The killing of Robert Brooks at a central New York prison became a media sensation. Body-worn camera footage of the deadly beatdown, released in December, triggered a flurry of coverage, from local headlines to rolling cable news stories, directing national outrage at a state prison system that often evades scrutiny.

It caused a particular headache for the state prison commissioner, Daniel Martuscello III. A self-styled reformer, he responded to the public disgust by announcing a suite of initiatives aimed at reducing violence and holding abusive officers to account. Backlash followed, with the corrections officers union issuing a rare vote of no confidence against him last month. The following week, an annual budget hearing — normally a polite affair — saw the commissioner dodging activist protesters, escaping a gaggle of reporters, and fielding three hours of questions from horrified legislators.

Then, the guards went on strike. The state’s prisons locked down, threatening system-wide collapse. Like the activists, picketing corrections officers, convinced that Martuscello had abandoned them, called for his resignation.

This probably isn’t how Martuscello imagined his time as prison chief would go. Officially confirmed last May, he’d been the top job’s heir apparent for years. He’s the scion of a New York prison dynasty and came of age in the system, brought up by an ambitious, well-connected family that helped propel him to power.

That family has made enemies within the prison system, angering staff with what some describe as blatant nepotism. Still, the Martuscellos have risen through the prison agency ranks relatively unscathed. Amid turmoil, they’ve consolidated their influence.

A year-and-a-half-long New York Focus investigation reveals the story of the Martuscellos’ rise to power — not just Dan’s, but his father’s, brother’s, siblings’, in-laws’, and that of their friends across the prison system. Over decades, the family has built a patronage network so embedded in the Department of Corrections and Community Supervision, or DOCCS, that staff have given it a name: the “friends and family” program.

The network’s actions have reverberated across the system, playing roles in some of the agency’s biggest scandals of the last decade: a sexual harassment investigation, mishandled drug evidence, a half-million-dollar lawsuit, a nationally infamous prison escape. Those connected to the Martuscellos have rarely faced consequences.

The favoritism is directly tied to a part of the system that enables officer abuse. For two decades, the main hub for the friends and family network has been the prison agency’s internal investigations office, which is responsible for investigating complaints of misconduct by DOCCS personnel. Traditionally staffed by former corrections officers, it allows the agency to police itself. Incarcerated people and advocates describe the office as a black box, quick to absolve officers and adept at keeping DOCCS wrongdoing out of the public eye.

The commissioner’s younger brother, Chris Martuscello, has spent most of his career in the internal investigations office. Around the time Dan rose to DOCCS’s top job, Chris was promoted to assistant commissioner and the office’s second-in-command.

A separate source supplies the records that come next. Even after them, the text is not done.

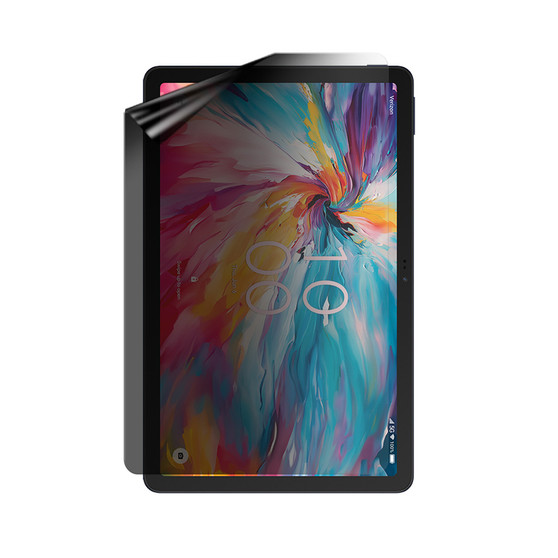 TCL Tab 10 NxtPaper 5G Privacy Lite (Portrait) Screen Protector
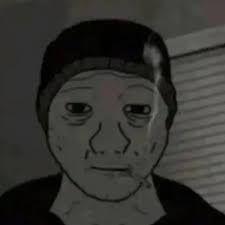 Cancel00 avatar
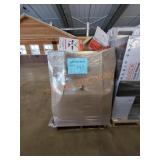 Infrared heaters, heaters, Vacuum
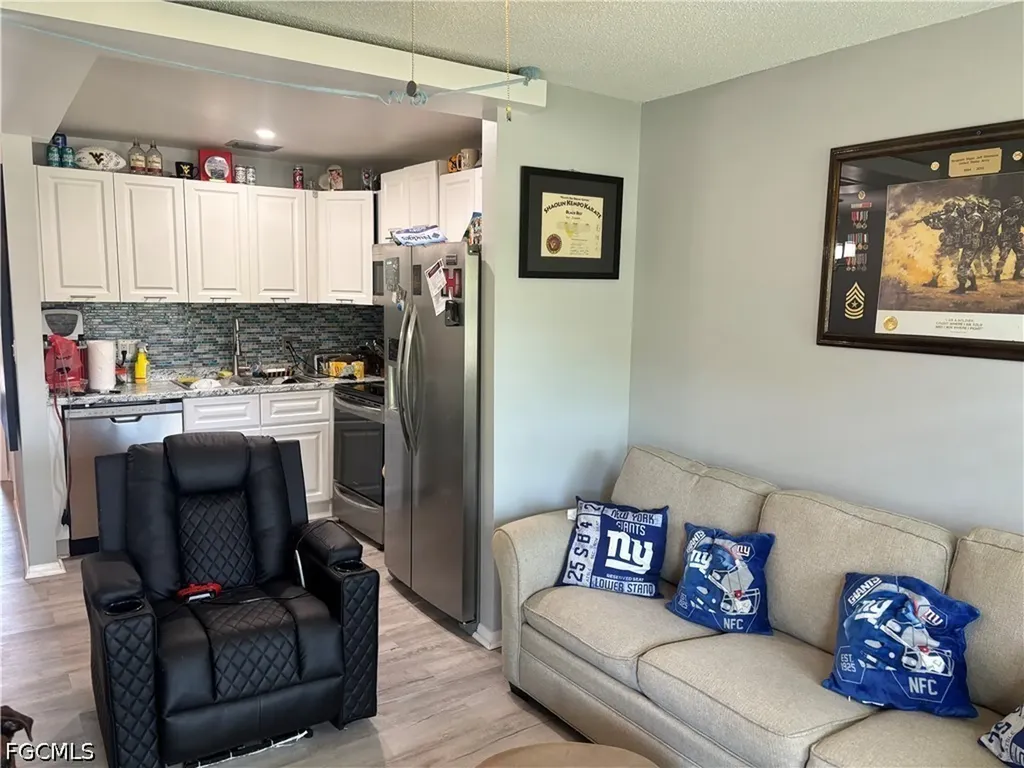 11 Vista Palm Lane Vero Beach FL 32962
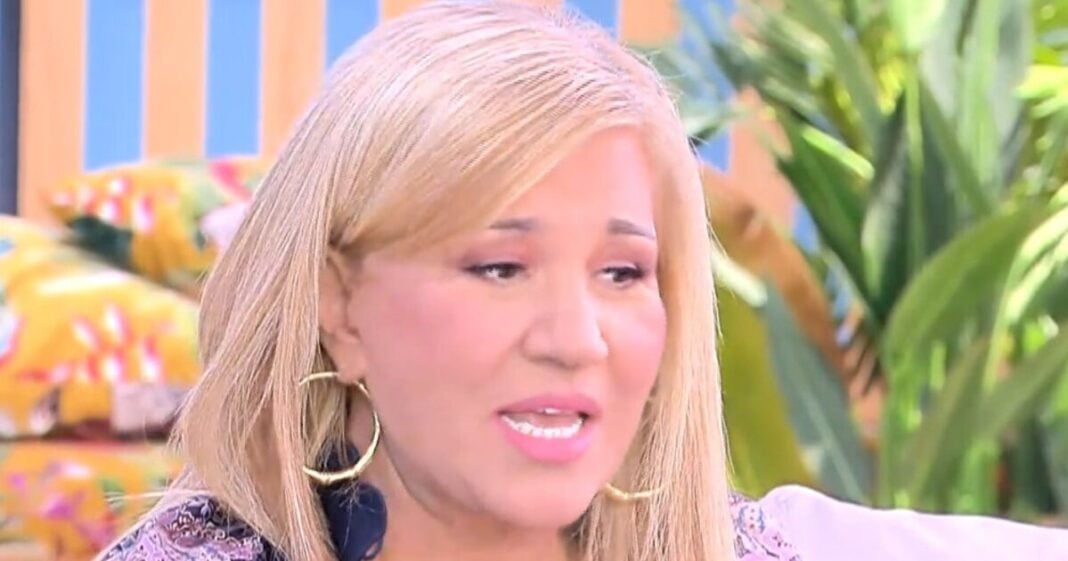 miraraki-despoina-1200x630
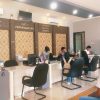 Polresta Pati Optimalkan Pelayanan SKCK Humanis dan Bebas Pungli, Pengajuan Dapat Diakses via Super Apps Polri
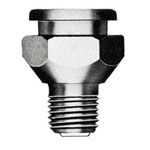 Grease Fittings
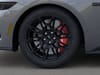 19 thumbnail image of  2026 Ford Mustang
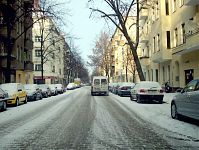 Berlin-Neukoelln-20091218-14.jpg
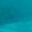 Aqua Blue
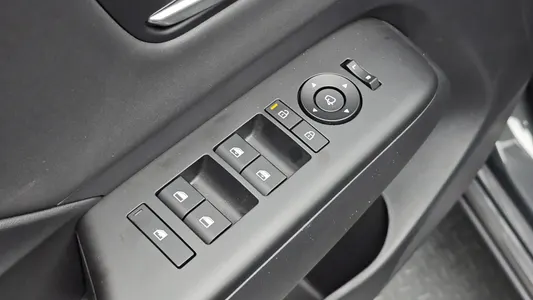 Hyundai (SX2) 2025 19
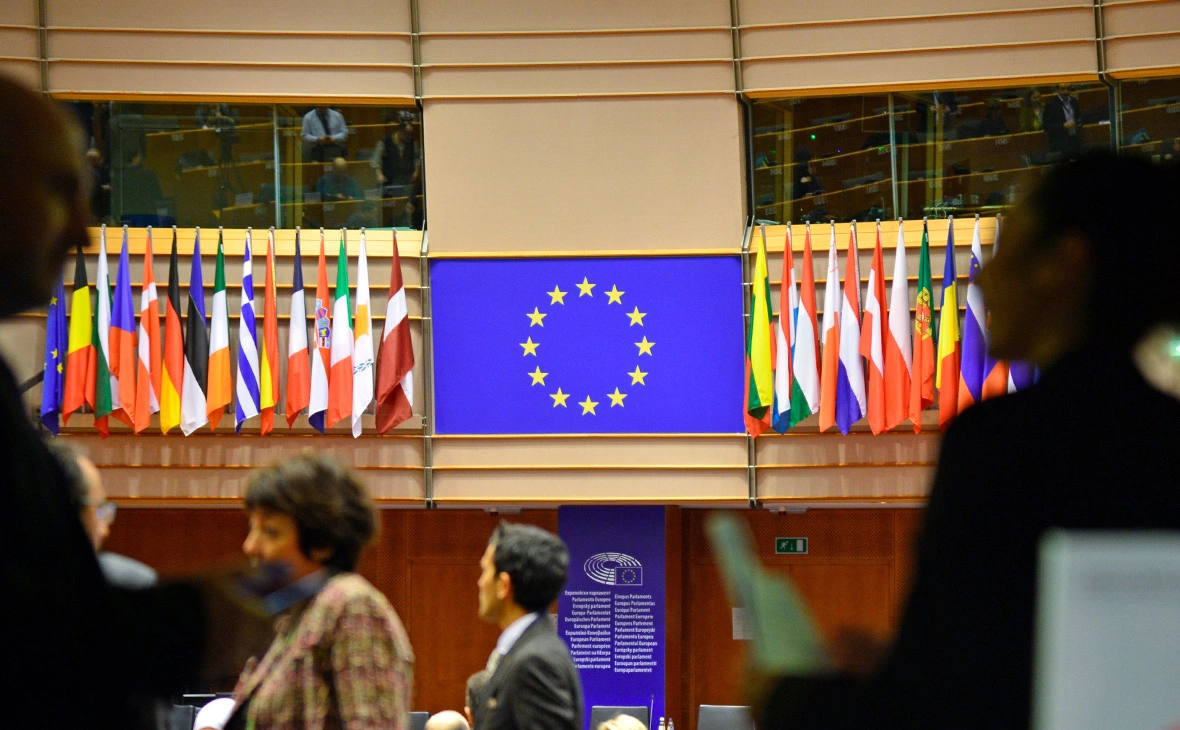 Алексей Витвицкий / РИА Новости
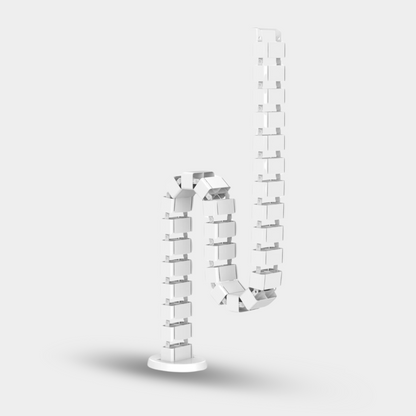 Organizer Chain Cable Management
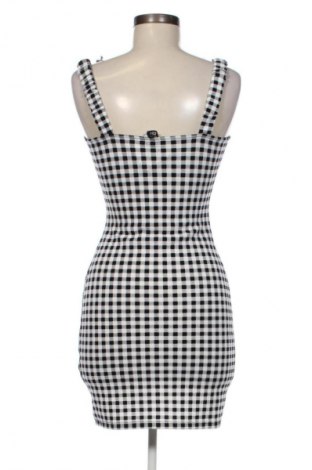 Šaty  H&M Divided, Velikost S, Barva Vícebarevné, Cena  599,00 Kč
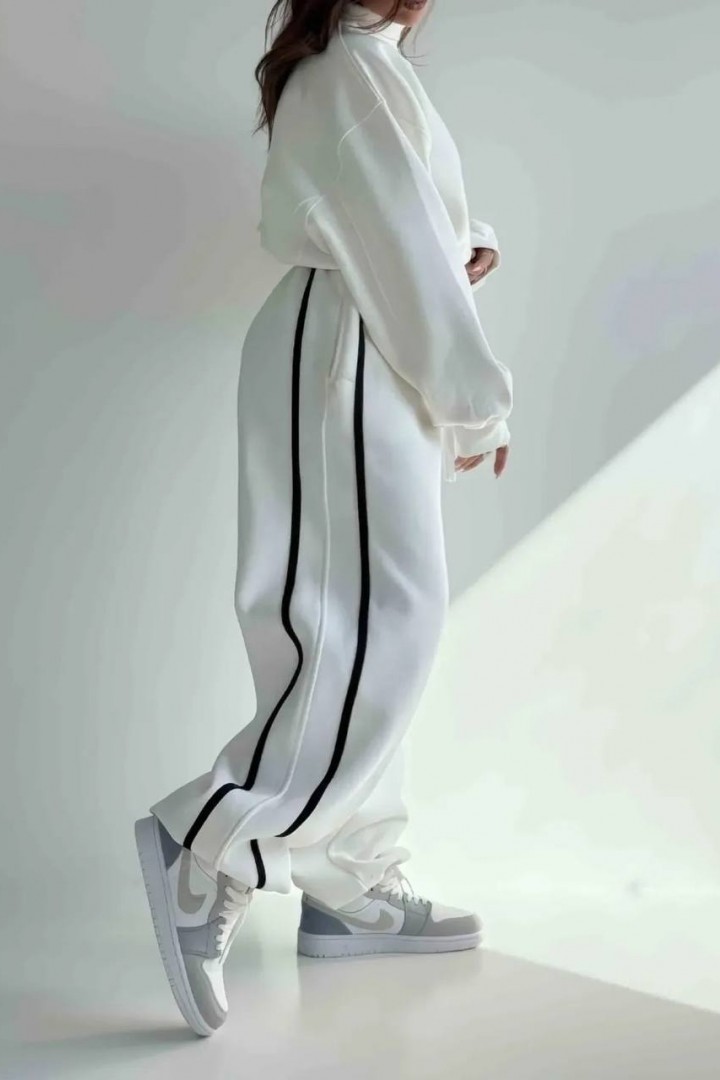 Спортивні штани DMP-R1891A300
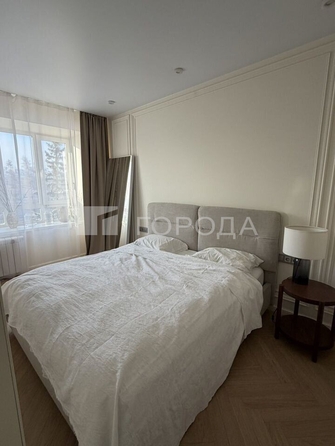 
  Продается 2-комн. квартира 41 м². Фото 5.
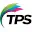 printingshoppe.com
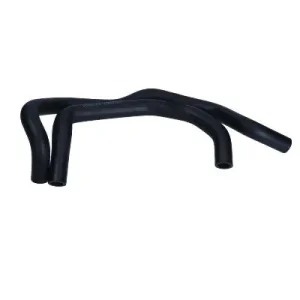 Tani Przewód elastyczny chłodnicy MAXGEAR 18-0767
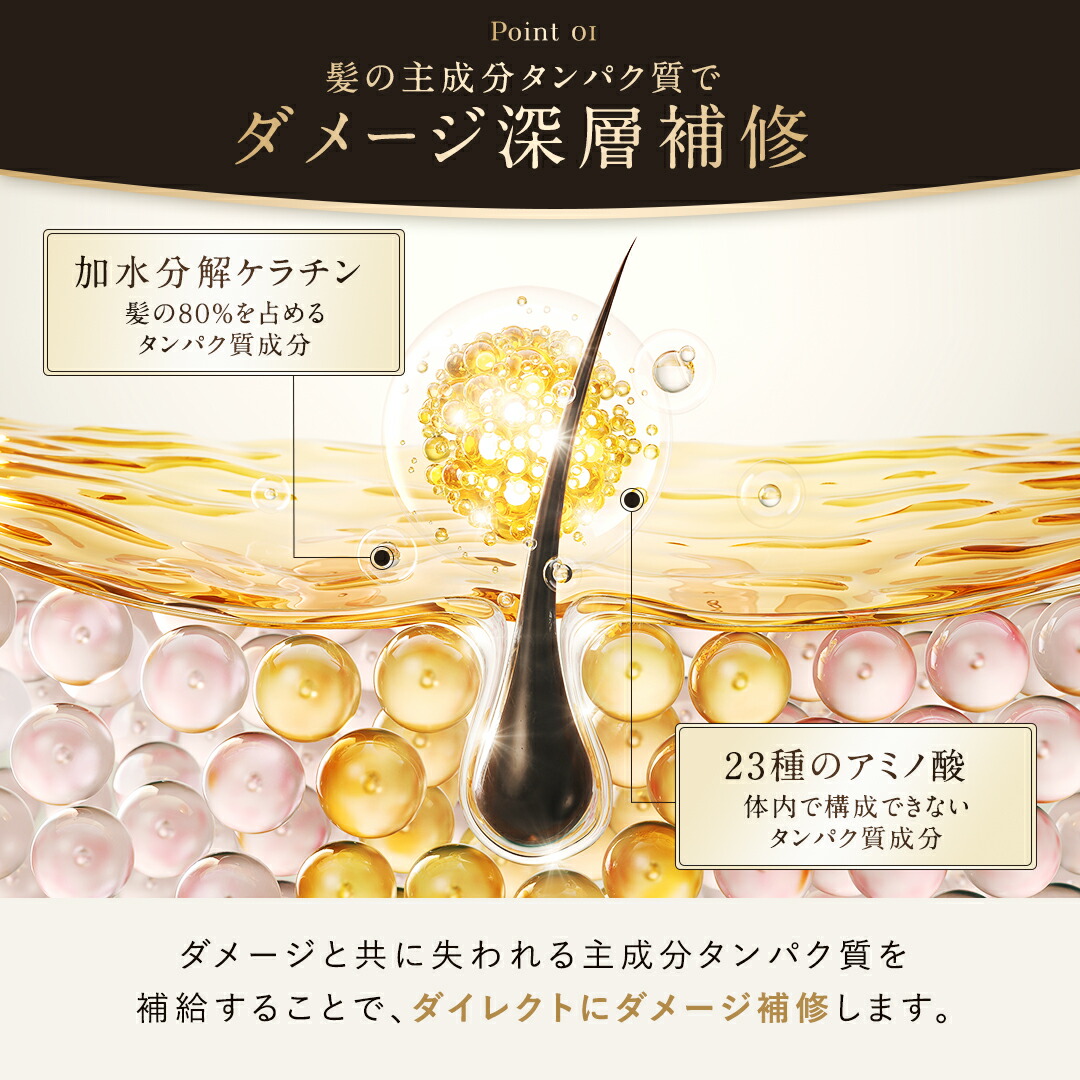 楽天市場】[ｴﾝﾄﾘｰ最大50％ﾎﾟｲﾝﾄﾊﾞｯｸ5日23:59ﾏﾃﾞ][楽天1位] Cleo's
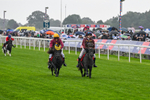 060926-Shetland Pony Race-Claredale Edward-6043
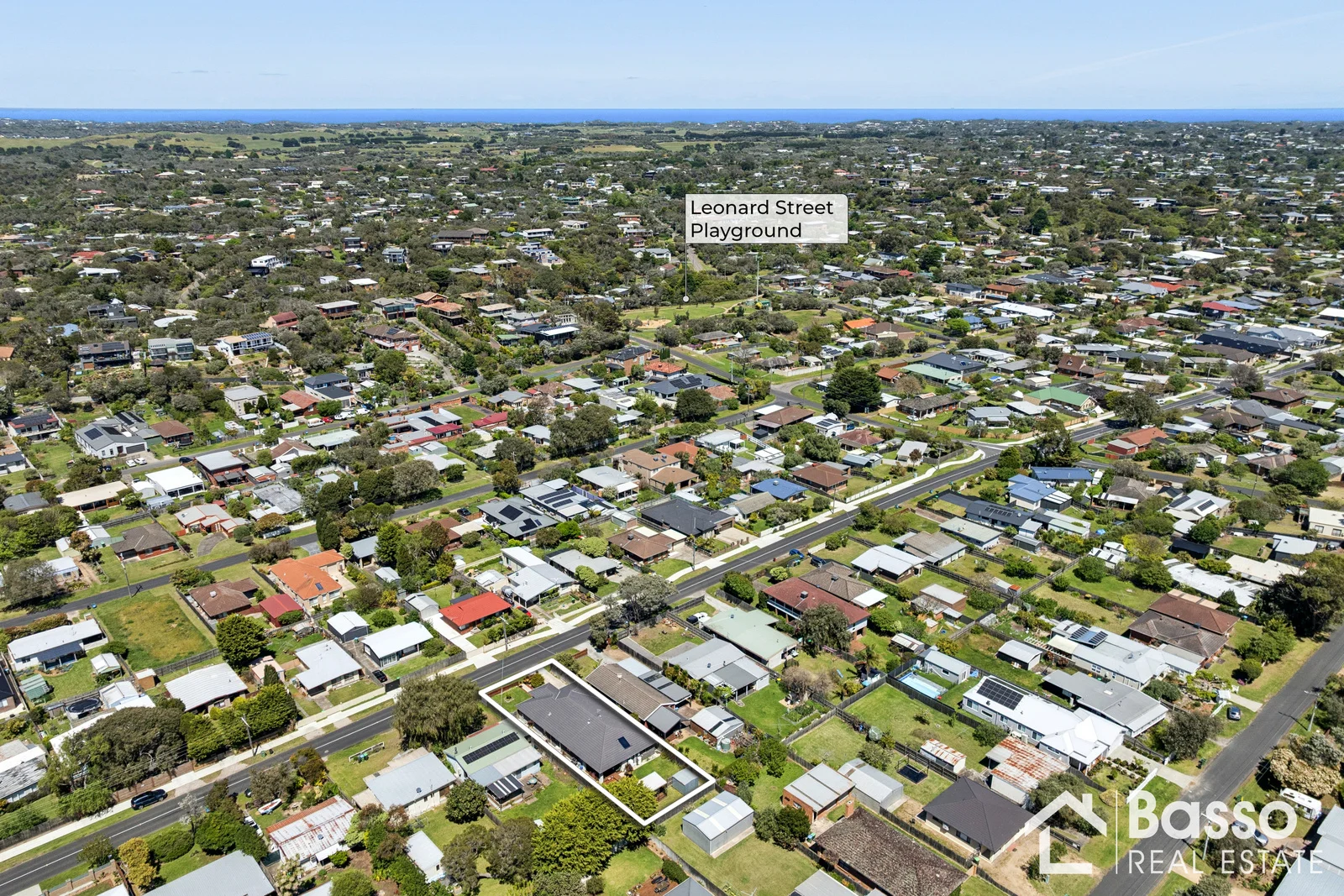 Additional image 27 of 102 Alma St, Tootgarook VIC 3941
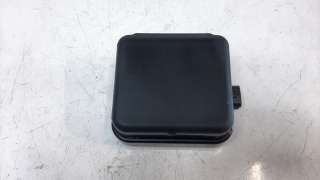 Recambio de modulo electronico para mazda cx-5 2017- evolution 2wd referencia OEM IAM KB8C67XA1  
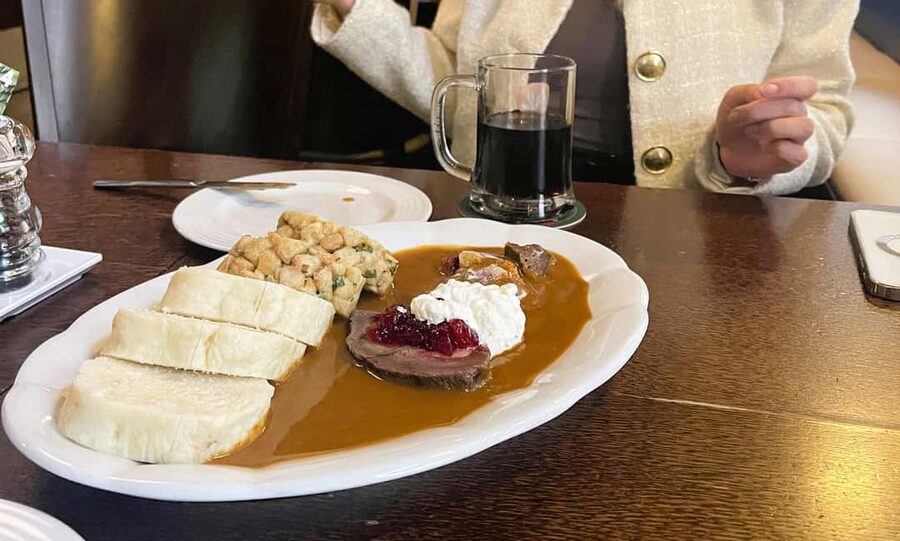 Prague: Local Food Tour in Secrets Hidden Gems - When This Tour Fits You Best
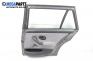 Door for Peugeot 406 Break (8E/F) (10.1996 - 10.2004), 5 doors, station wagon, position: rear - right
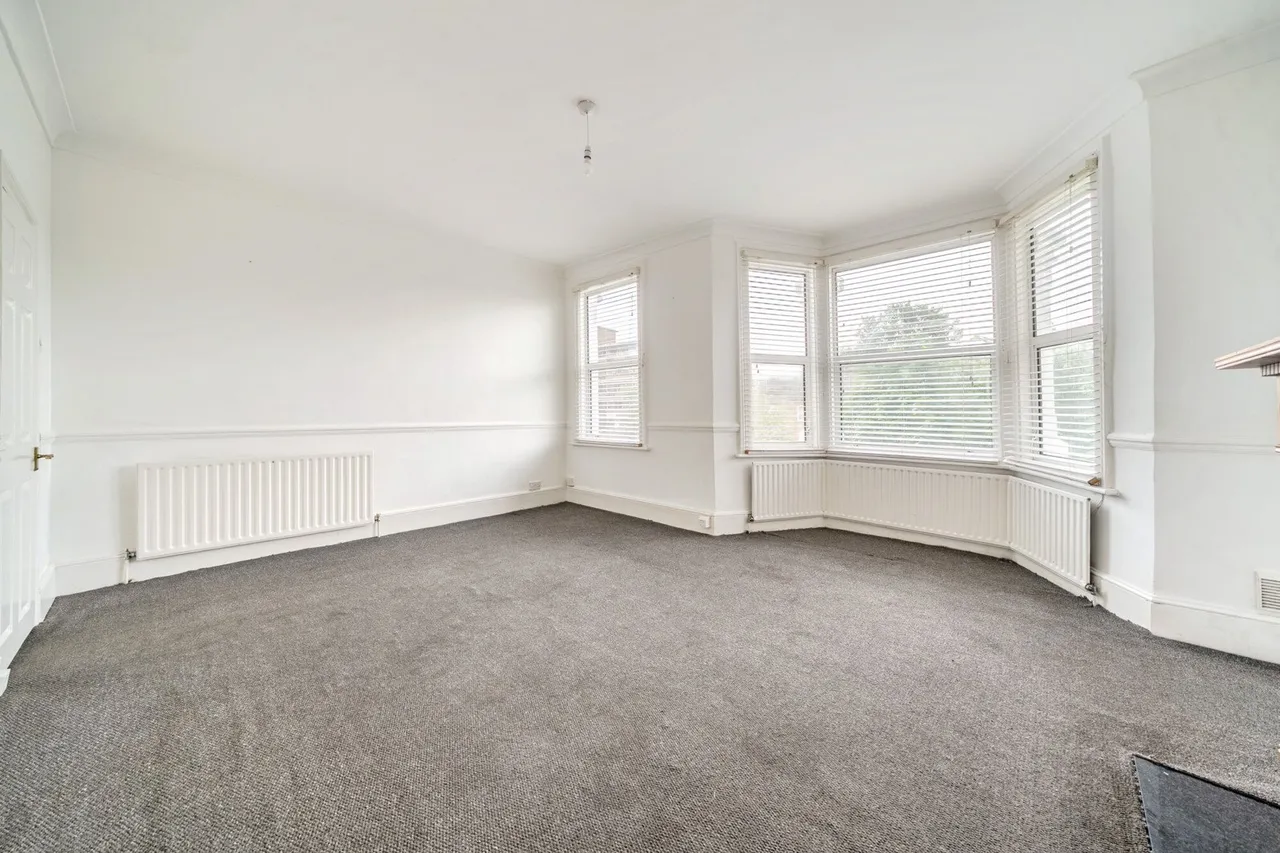 Wellmeadow Road, SE13, photo 4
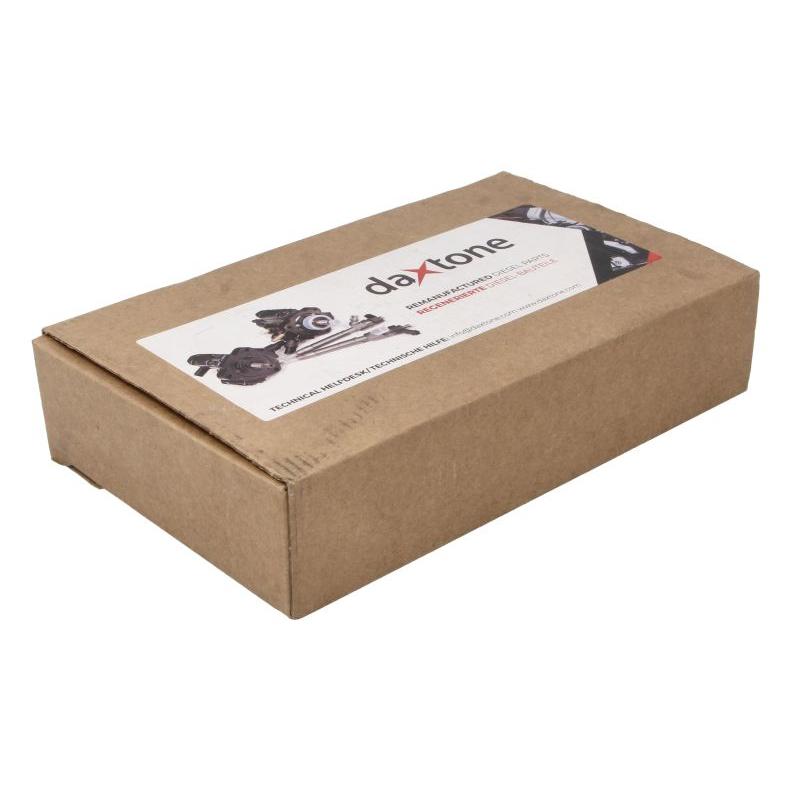 DAXTONE 120-385 Injector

Some former staff who worked with Chris describe him as a hot-headed tyrant. They said he leads by threats and patronage — an approach he seemed to inherit from his father and family friends.

Dan, on the other hand, is the family’s suave politician. He’s become popular among the state government’s Democratic majority, giving the friends and family network the legitimacy it has needed to complete its DOCCS takeover. After the no-confidence vote, Governor Kathy Hochul came to Dan’s defense, saying that she’s “grateful to have Commissioner Martuscello leading the agency.”

His reformist rhetoric has also charmed some prisoners’ rights advocates, who say he’s as progressive as one can hope from the head of a sprawling 14,000-guard, 33,000-prisoner carceral system.

Others aren’t so sure. However well Dan speaks, his critics point out, little has meaningfully changed during his time at the top. As a deputy commissioner, he promised to reform the internal investigations office, to little noticeable effect. Brooks’s killing happened under his watch, as have other cases of abuse.

“The fish rots from the head,” said attorney Danielle Muscatello. She represents incarcerated victims of alleged officer violence, including a weeklong systematic beatdown that took place — with internal investigations staff allegedly watching — during Dan’s initial tenure as interim DOCCS commissioner. “Martuscello, the commissioners, they need to know that this is all happening under them.”

“He’s so hell bent on maintaining his position that he’s willing to say and do almost anything,” Rodney Young, a retired parole officer who organizes a fraternity of Black DOCCS employees, said of the commissioner.

How did the Martuscellos get to where they are? New York Focus traced the ruling prison family’s rise through thousands of pages of court records and internal state reports, leaked DOCCS memos and rosters, public records requests filed with multiple agencies, open source data, and testimony from current and former incarcerated people, advocates, and more than a dozen current and former DOCCS staff. Hundreds of pages of records date to the mid-2010s, when Dan and Chris were consolidating power — and when a state investigation threatened to topple their family dynasty. Neither Dan Martuscello, Chris Martuscello, nor DOCCS accepted interview requests or responded to multiple requests for comment.

Some of the former agency employees requested anonymity to avoid intimidation and harassment. They said the threat of retaliation is how the Martuscellos keep the heat off.

“You just mind your business,” one said. “Because if you ask questions and show that you’re onto something, you’re the next target.”